M. Dominique Potier, rapporteur. Concernant les écorégimes, le choix du gouvernement a été de procéder à une baisse homogène de la rémunération. Vous considérez que nous aurions pu profiter dès à présent de l’opportunité de différencier les trois niveaux de certification.

Vous parlez de l’une des trois voies d’accès à l’écorégime. Concernant les deux autres voies, estimez-vous que les critères sont trop faciles d’accès, qu’il existe des biais diminuant leur portée ? Le non-labour des prairies permanentes, pratique somme toute basique, nécessitait-il l’attribution d’une aide spécifique, ne pourrait-il pas être régulé par la voie règlementaire ? La notion de diversité des cultures repose-t-elle sur un niveau de diversité suffisant ? Enfin, je souhaiterais connaître votre avis concernant la prise en compte des infrastructures agroécologiques pour le calcul de la surface agricole utile (SAU).
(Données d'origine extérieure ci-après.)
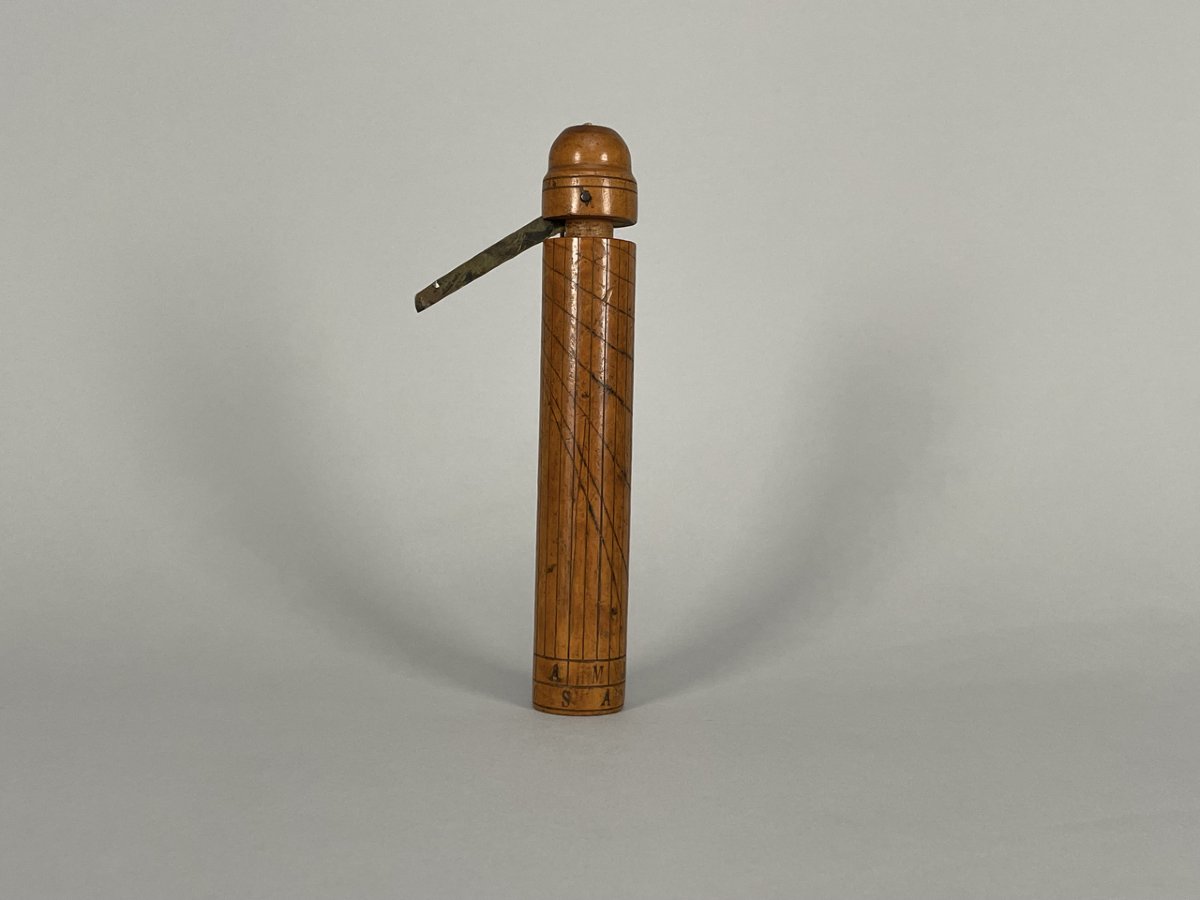 An 18th-century Portable Wooden Sundial-photo-2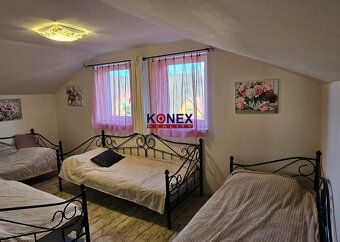 ID:8496
Ponúkame Vám na predaj krásnu chatu na Vinianskom ja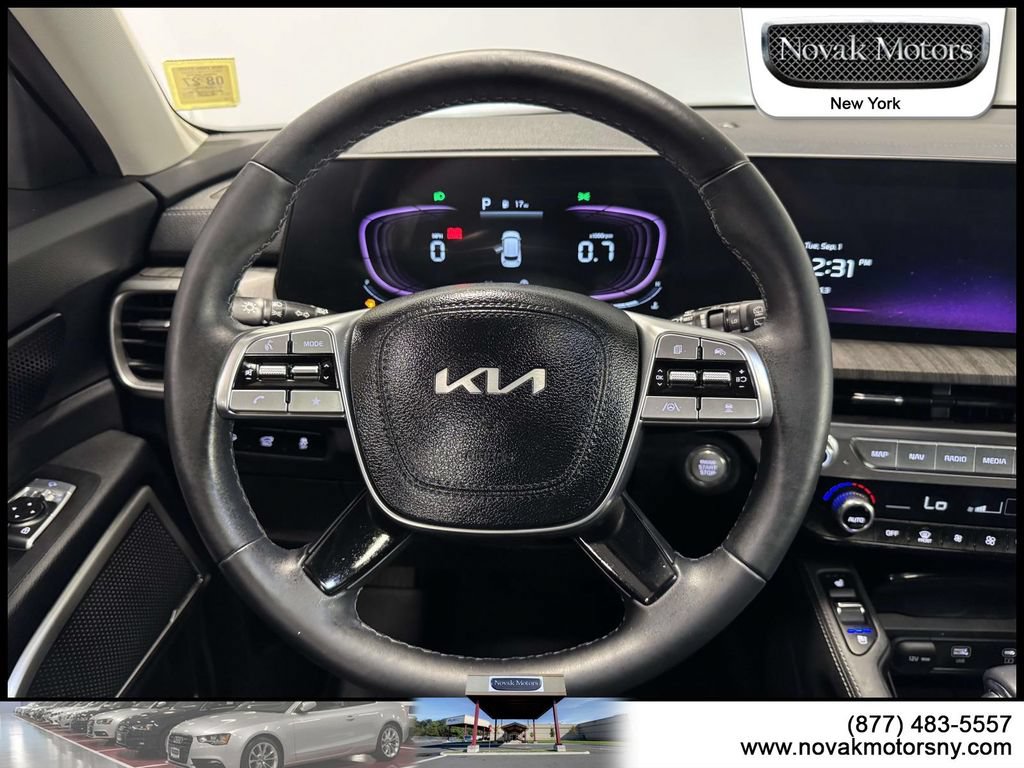 Used 2023 Kia Telluride EX w/ EX Captain's Chair Package AWD/4WD image 16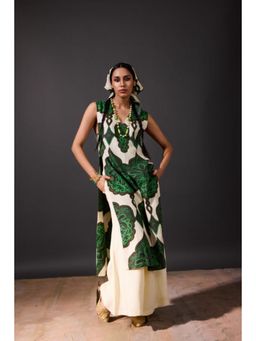 dhaaga - Women Linen Green Kurta with Trousers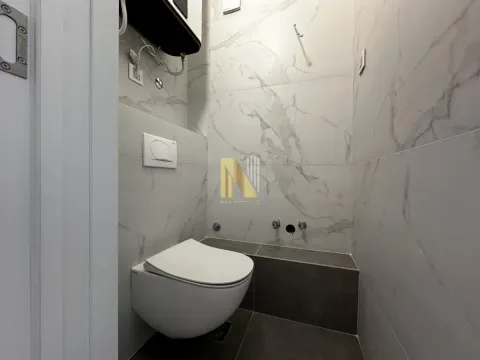 Pogled na moderno opremljeno kupatilo sa sanitarijama. - image 19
M. Loïc Madeline. L’ensemble de ces critères est insuffisant. L’accès à l’écorégime peut se faire par la voie de la certification ou par celle des pratiques agricoles. Cette dernière repose sur trois systèmes, dont le non-retournement des prairies permanentes. Mobiliser de l’argent pour préserver des espaces de biodiversité et de stockage de carbone ne semble effectivement pas très fondé.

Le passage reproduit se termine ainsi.